Lexipedia

Marra Ada · Nationalrat · 2013-09-11

Marra Ada · Nationalrat · Waadt · Sozialdemokratische Fraktion · 2013-09-11

Wortprotokoll

Le débat sur le système de santé semble être un serpent de mer dans notre pays. Des primes d'assurance-maladie qui augmentent chaque année avec des coûts de la santé qui, eux, n'augmentent pas forcément à la même vitesse. Des absurdités, comme le fait que les patients qui changent de caisse ne puissent pas prendre leurs réserves avec eux, engendrant ainsi une spirale d'augmentation des réserves et des primes. Un système d'assurance basé sur la concurrence avec des caisses qui essayent de se décharger des mauvais risques en utilisant des moyens plus que discutables. Et j'en passe.

Il y a une caisse qui a réussi à illustrer toutes ces problématiques l'année passée. Je veux parler de la caisse EGK. Alors que les nouvelles primes sont annoncées au début de l'automne avec la possibilité pour chaque assuré de changer de caisse à ce moment-là, les assurés chez EGK ont vu leurs primes augmenter en automne 2011 et en février 2012. Et pas qu'un peu, puisque parfois l'augmentation a été de plus de 100 pour cent. Plusieurs questions se sont alors posées de nouveau: quelle était la stratégie à l'oeuvre derrière ces augmentations? Les primes couvraient-elles de fait les coûts ou étaient-elles exagérées dans le but de se débarrasser des mauvais risques? Selon les explications fournies alors, EGK se trouvait dans cette situation parce qu'elle avait dû faire face à une explosion du nombre d'assurés à l'automne, et que la couverture des réserves était insuffisante.

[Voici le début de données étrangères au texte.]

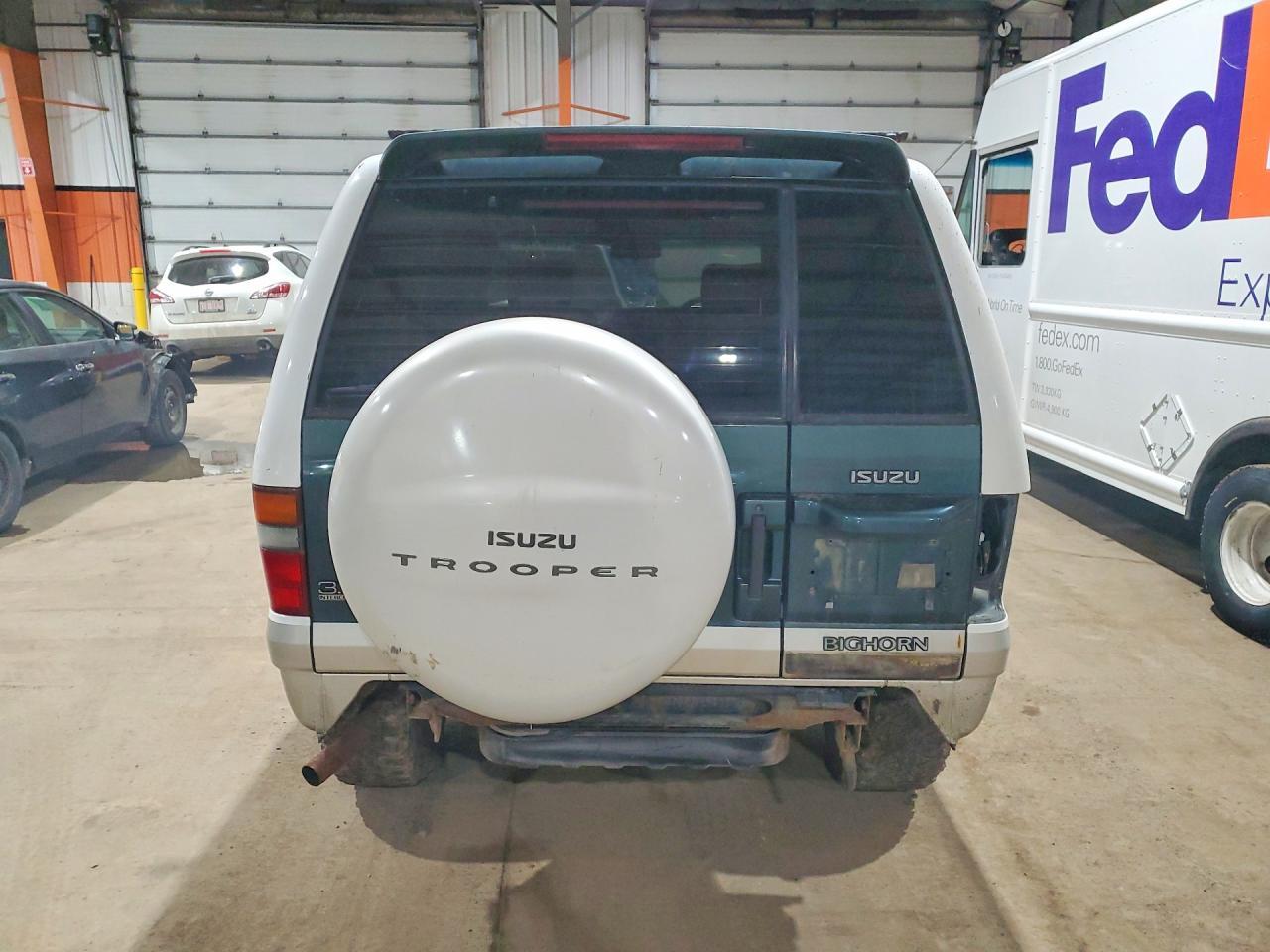 1997 ISUZU Trooper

Par mes quatre motions, j'ai proposé des pistes pour faire en sorte qu'une telle situation ne se reproduise plus. Par la motion 12.3063, je propose la fixation des primes d'assurance-maladie une seule fois par an. Par la motion 12.3062, je souhaite obliger à consulter les cantons lors de toute modification de primes d'assurance-maladie. Par la motion 12.3061, je voudrais la mutualisation des réserves par canton ou groupes de cantons. Par la motion 12.3060, mon but est de faire en sorte que l'augmentation des primes de l'assurance-maladie ne serve qu'à couvrir les coûts de la caisse. Malheureusement, aucune de ces motions n'a trouvé grâce aux yeux du département. Si je retire la motion 12.3061, c'est parce que je crois en l'initiative populaire lancée par la gauche qui prévoit la création d'une caisse publique et unique. J'y crois parce qu'elle réglerait la problématique des réserves et que cela ne serait plus une raison d'augmenter les primes. Je sais que cette initiative populaire a plus de chances devant le peuple que ma motion devant ce Parlement.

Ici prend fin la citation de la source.